Das Album der Woche wird präsentiert von Dockin. Promo-Code: detektor10
Eine große Popmusikerin wollte die Sängerin Tirzah noch nie werden. Die Londonerin trifft sich lieber mit ihrer Freundin Mica Levi und macht mit ihr Musik ganz nebenbei. Denn mit großer medialer Aufmerksamkeit kann sie so wie so nichts anfangen. Selbst dann nicht, als 2013 nach ihrer ersten EP „I’m not dancing“ die Londoner Dance-Pop-Szene begeistert ist. Stattdessen geht sie alles etwas langsamer an. Ganze fünf Jahre später erst erscheint mit „Devotion“ der erste Longplayer von Tirzah.

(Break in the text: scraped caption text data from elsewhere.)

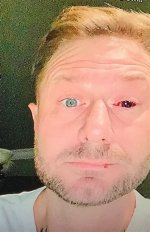 How Did Duane Ose Lose His Eye? Win the Wilderness Stars Eye Patch Explained Thu 30 April 20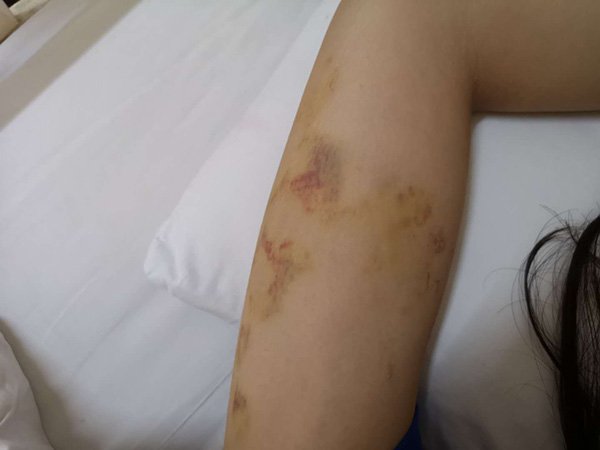 态度不好的医生被暴力殴打,莆田系医院老总打架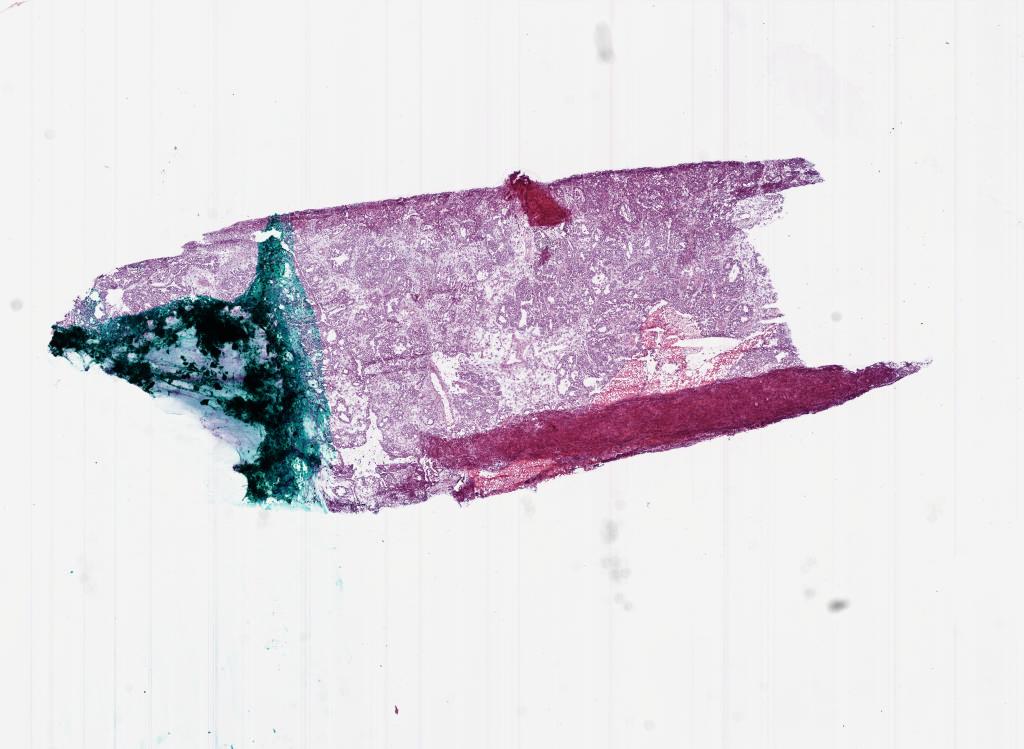 Slide Thumbnail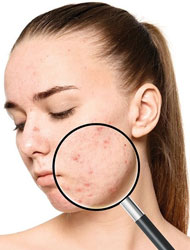 acne(pimple) treatment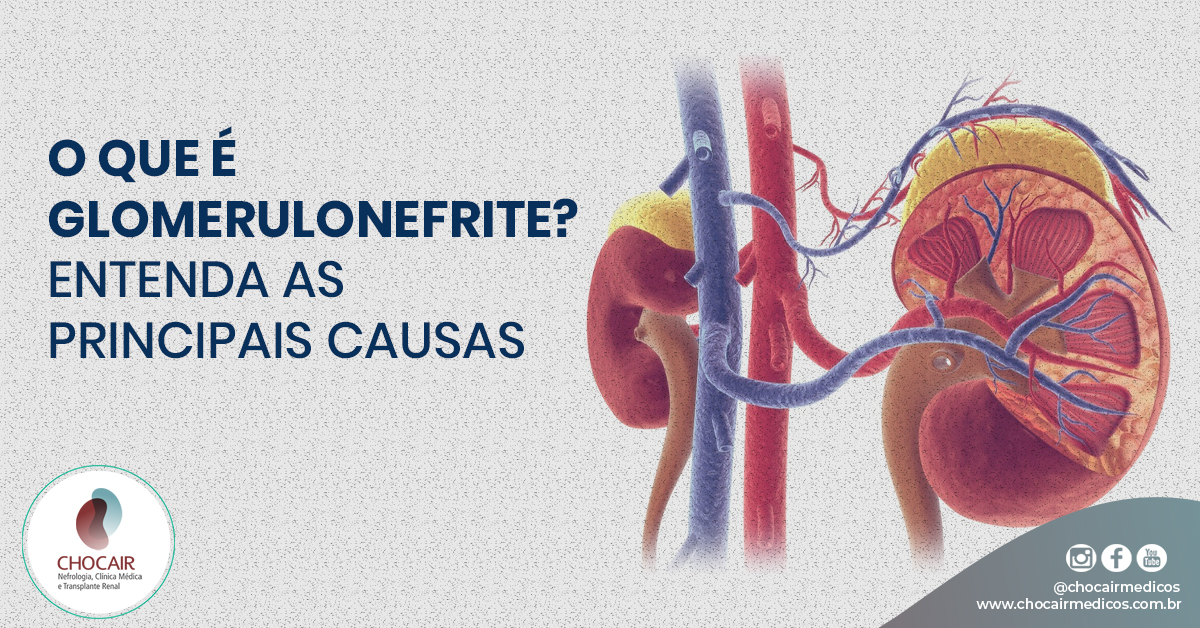 O que é glomerulonefrite? Entenda as principais causas – Chocair Médicos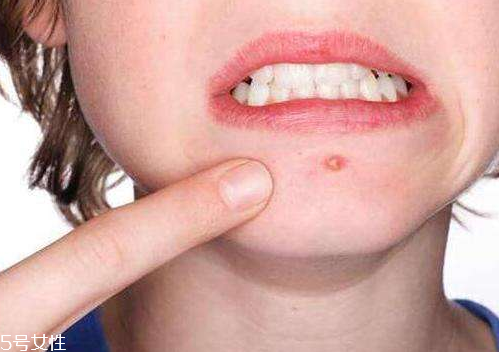 skinb5抗痘護(hù)膚片有效果嗎？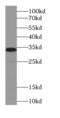 ADAM 17 antibody, FNab00139, FineTest, Western Blot image 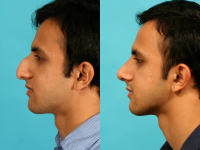 Пациент доктора Гукаса Миракяна. Фото до и после ринопластики. Снимок в профиль.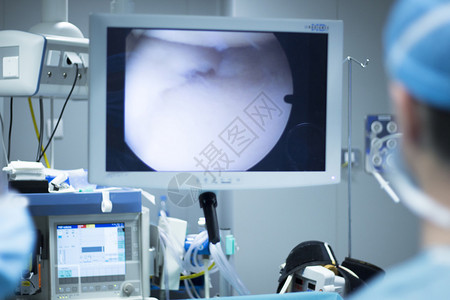 医院钥匙孔显微手术动脉检查操作屏幕图片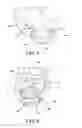 Fig. 04 - Adjustable socket system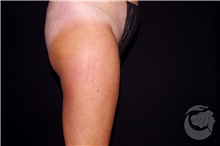 Nonsurgical Fat Reduction Before Photo by Landon Pryor, MD, FACS; Rockford, IL - Case 41207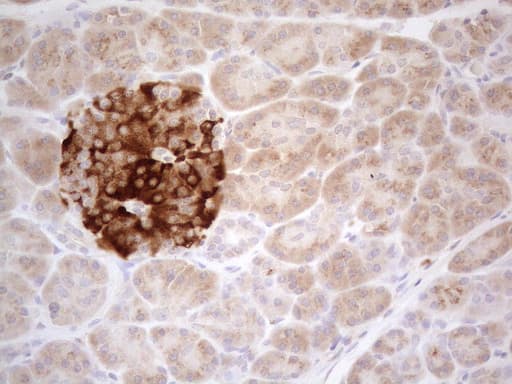 TNFRSF10B / Killer / DR5 Antibody (aa203-411, clone OTI2A5)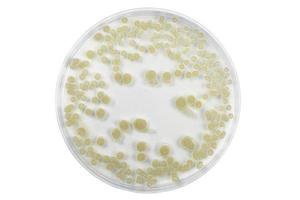Top view of petri dish and culture media with bacteria on white background with clipping, solid media, nutrient agar, Test various germs, virus, Coronavirus, Corona, COVID-19, Food, Food science.
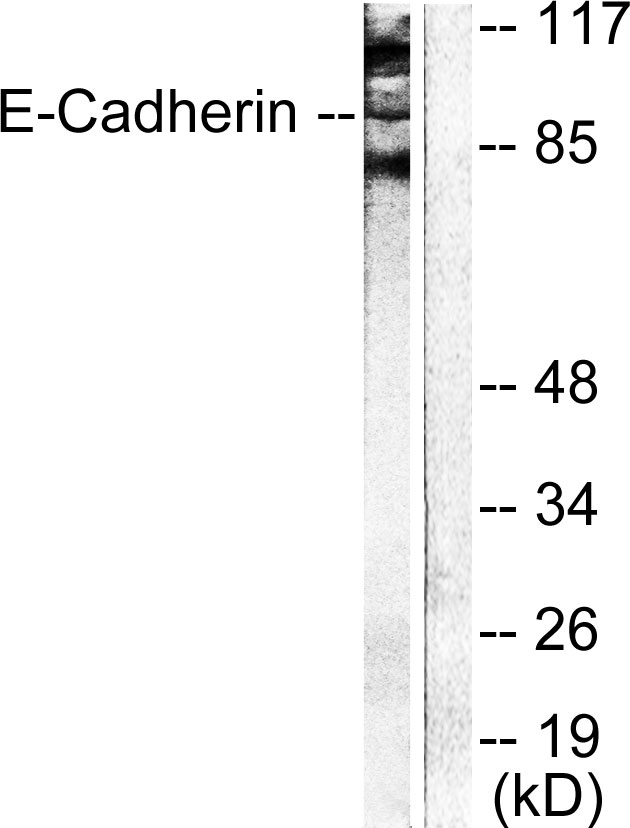 Cadherin Antibody - Western blot analysis of lysates from NIH/3T3 cells, using Cadherin-pan Antibody. The lane on the right is blocked with the synthesized peptide.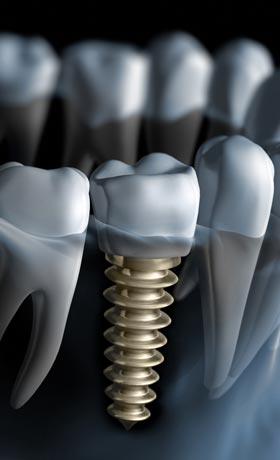 RestorativeDentistry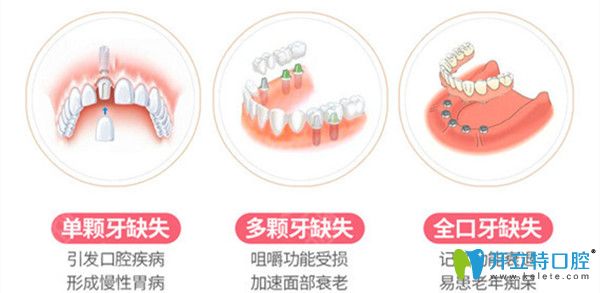 牙齿缺失会造成哪些影响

Wir haben uns getroffen und einfach Musik gemacht. Manchmal hat Mica dann auch ihre Sachen gemacht und ich meine. Da war erst die Arbeit, dann kam die Musik. – Tirzah
Gegen die Erwartung
Mit der damals noch poppigen EP hat das Album fünf Jahre später recht wenig zu tun. Dabei sind die Spuren des Grimes, mit dem Tirzah aufwächst, nicht zu überhören: Ein Loop hier, ein Beat da, Elektro-Einflüsse überall. Doch anders als noch vor fünf Jahren klingt Tirzahs Musik auf einmal nicht mehr so poppig. Im Gegenteil: auf „Devotion“ wird es ruhig und intim. Damit könnte sie die Erwartungen im ersten Moment enttäuschen, nur um sie im Zweiten zu übertreffen.
VHS-Ästhetik
Tirzah singt über Liebe, Leidenschaft und Hingabe. Dabei verzichtet sie auf für den Pop so übliche und überspielte Klischees und Phrasen. Stattdessen blickt sie wie im Musikvideo für ihre erste Single „Gladly“ durch einen alten VHS-Camcorder auf ihre intimsten Momente. Diese Ästhetik breitet sich wie ein körniger Instagram-Filter auf dem ganzen Album aus. Das liegt auch an Produzenten Mica Levi. Sie verleiht dem Album mal durch flächige Synthies, mal durch verwaschene Sounds ein authentisches Retro-Gefühl mit Tiefe.
Als ob niemand zuhört
Dazu passt Tirzahs Storytelling. Bei ihr ist jeder Song wie eine Momentaufnahme, in der jemand den alten Camcorder einfach drauf hält. Aus dem T-Shirt-Spruch „Dancing like nobody’s watching“ wird dabei ein „Singing like nobody’s listening“. So entstehen Balladen, wie der fast schon geflüsterte Song „Affection“ oder der Titeltrack „Devotion“. In „Holding on“ gibt es dafür einen fast schon Dancefloor-tauglichen Moment, in dem sich Tirzah vor ihren Selbstzweifeln flüchtet, während auf „Guilty“ eine Overdrive-Gitarre dröhnt. So reihen sich die Songs vielfältig aneinander wie die Aufnahmen auf einer Videokassette. Am Ende kann man nur dankbar sein, dass die Kamera all die Jahre mitgelaufen ist.